Tim Vickery’s Notes form South America: The Redemption of Luiz Felipe Scolari
Luiz Felipe Scolari is 70 next month. It is an age when you can imagine him with his feet up drinking a glass of wine, reflecting on his World Cup win of 2002, his 1995 and 99 triumphs in the Copa Libertadores, his time in charge of the Portugal national team, and so on.
He may well be doing those things – were it not for that disastrous 2014 World Cup, when on home soil Brazil’s campaign ended with that staggering 7-1 defeat to Germany. Returning for a second spell in the Brazil job was to have been the crowning glory of a career. Instead it ended in historic, barely credible humiliation.
Those close to Scolari were genuinely concerned for him in the wake of the 2014 debacle.
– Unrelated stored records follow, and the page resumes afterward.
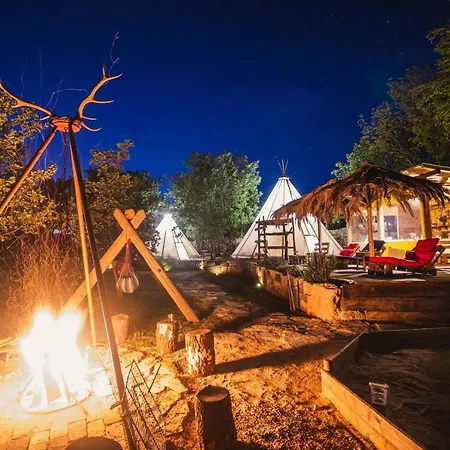 Valley Retreat Luxury tent Neoric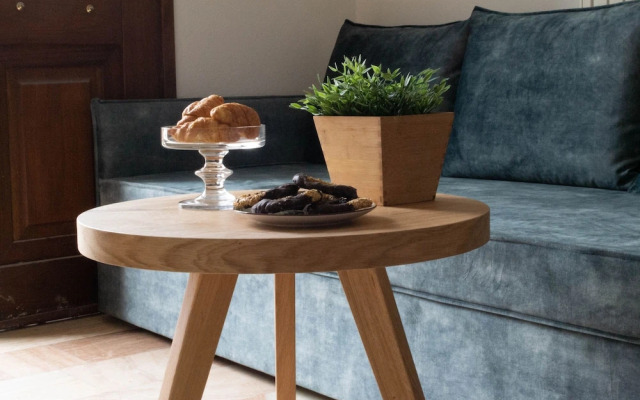 Oniropetra Luxury Suites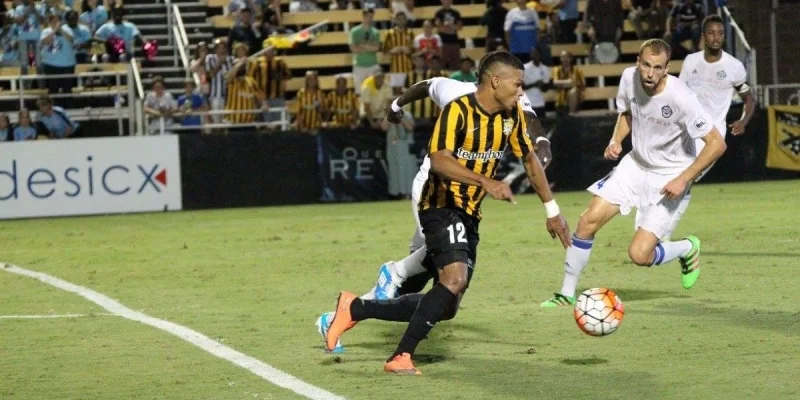 Чарльзтаун Адзурри - Валентайн Феникс Чарльзтаун Адзурри - Валентайн Феникс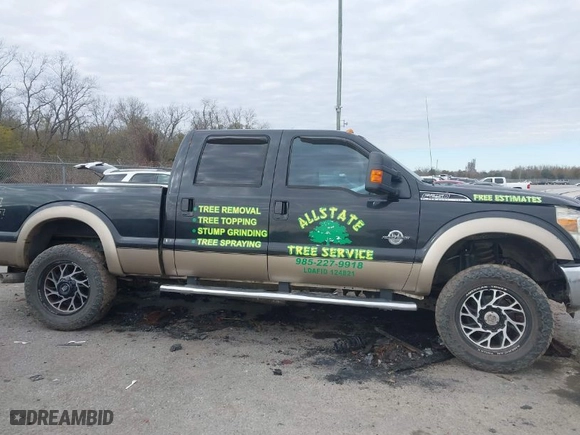 2011 Ford Super Duty F-250 SRW XL with VIN 1FT7W2BT5BEA07130, listed as a IAAI auction lot 41277990 with 224,341 mi miles. Bid and sale history available at carsss.com. Image 13.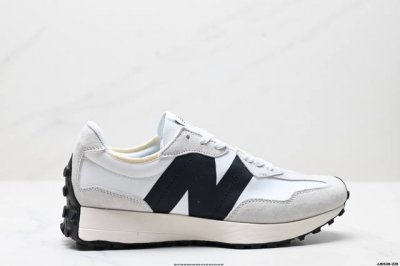 公司级New Balance Ms327 复古休闲运动慢跑鞋 以更纯粹的复古风格设计打造的全新造型 侧身还以解构设计 将 N 字标志以做旧压花样式呈现 官方货号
Normally so buoyant, he cut a sad and sorry figure, a one time Big Phil who seemed to have permanently cut down to size.
It was probably a mistake, straight after the World Cup, to go back to Gremio, the club where he made his name in the 1990s. It was too soon. And when he stepped down ten months later, many in Brazil thought they had seen the last of him at a big local club.
The last two months, then, form part of the redemption of Luiz Felipe Scolari. When he took command of Palmeiras at the end of July, there was widespread criticism. True, in his time with Guangzhou Evergrande he won the Chinese title and the Asian Champions League. But in late July 2018, he was seen as a has-been by many in Brazil, who thought that Palmeiras were taking a backward step appointing an obvious yesterday’s man.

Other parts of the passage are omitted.